#### Supplied material
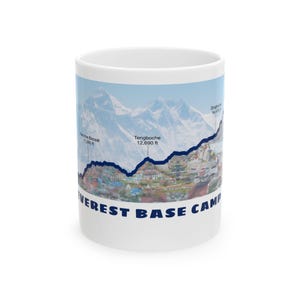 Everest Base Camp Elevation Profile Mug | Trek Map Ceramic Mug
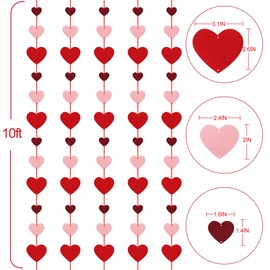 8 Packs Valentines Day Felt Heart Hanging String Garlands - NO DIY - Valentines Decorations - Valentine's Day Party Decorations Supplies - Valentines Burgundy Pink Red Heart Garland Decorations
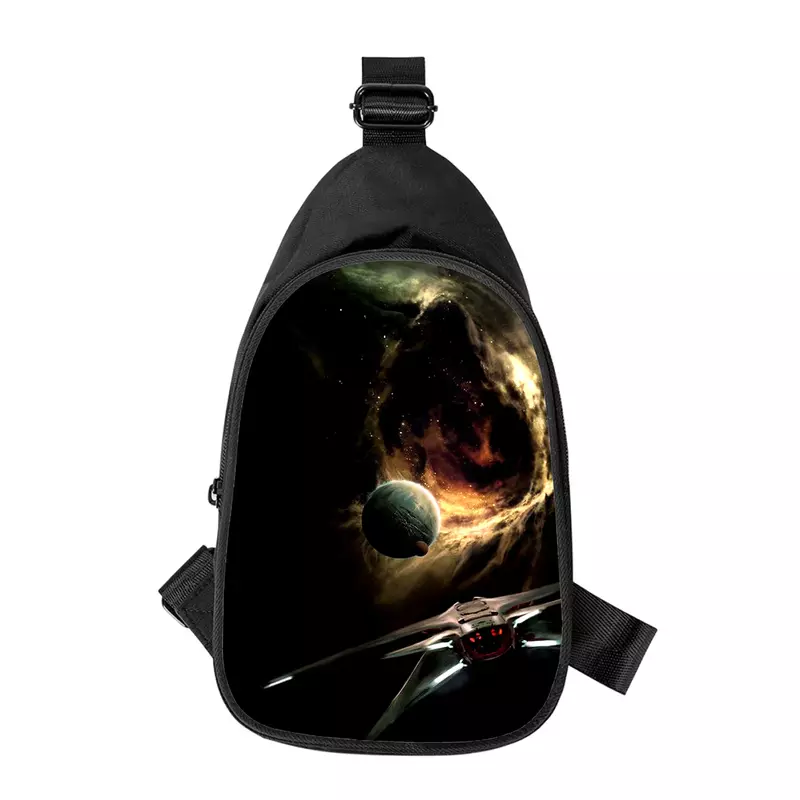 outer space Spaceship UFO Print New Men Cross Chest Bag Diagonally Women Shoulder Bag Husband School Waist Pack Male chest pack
--
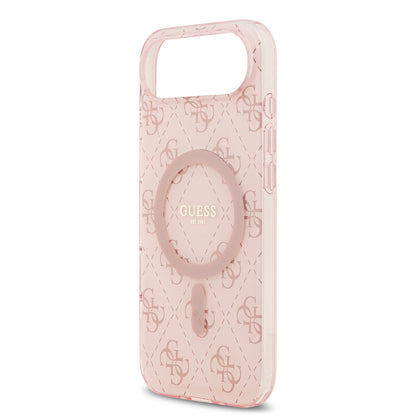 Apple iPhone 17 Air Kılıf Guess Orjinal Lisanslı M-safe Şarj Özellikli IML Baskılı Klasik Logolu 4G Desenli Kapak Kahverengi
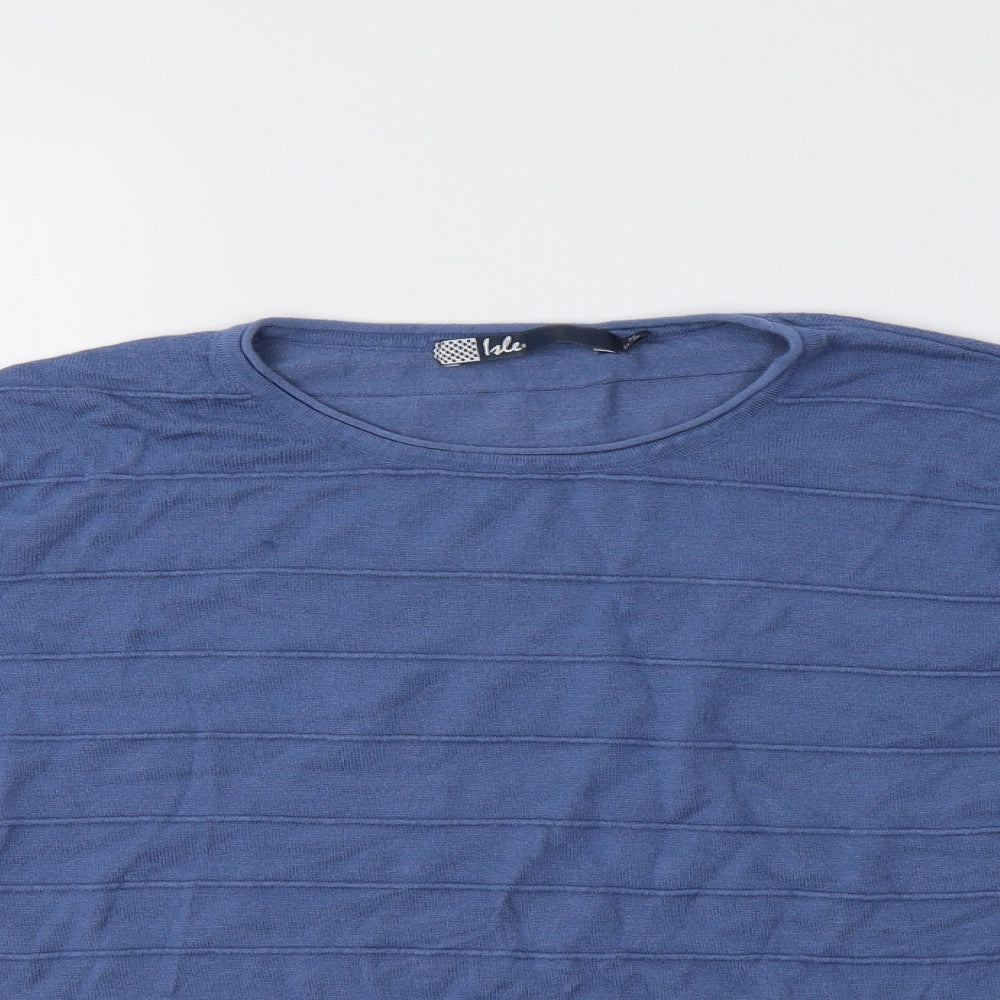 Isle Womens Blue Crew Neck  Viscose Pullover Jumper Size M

#### Exercise instructions
Reproduce the lines above starting at the one with "Apple iPhone 17" and ending at the one with "Isle Womens Blue", both included, exactly and with no pictures.

#### Completed task
 Apple iPhone 17 Air Kılıf Guess Orjinal Lisanslı M-safe Şarj Özellikli IML Baskılı Klasik Logolu 4G Desenli Kapak Kahverengi
 Isle Womens Blue Crew Neck  Viscose Pullover Jumper Size M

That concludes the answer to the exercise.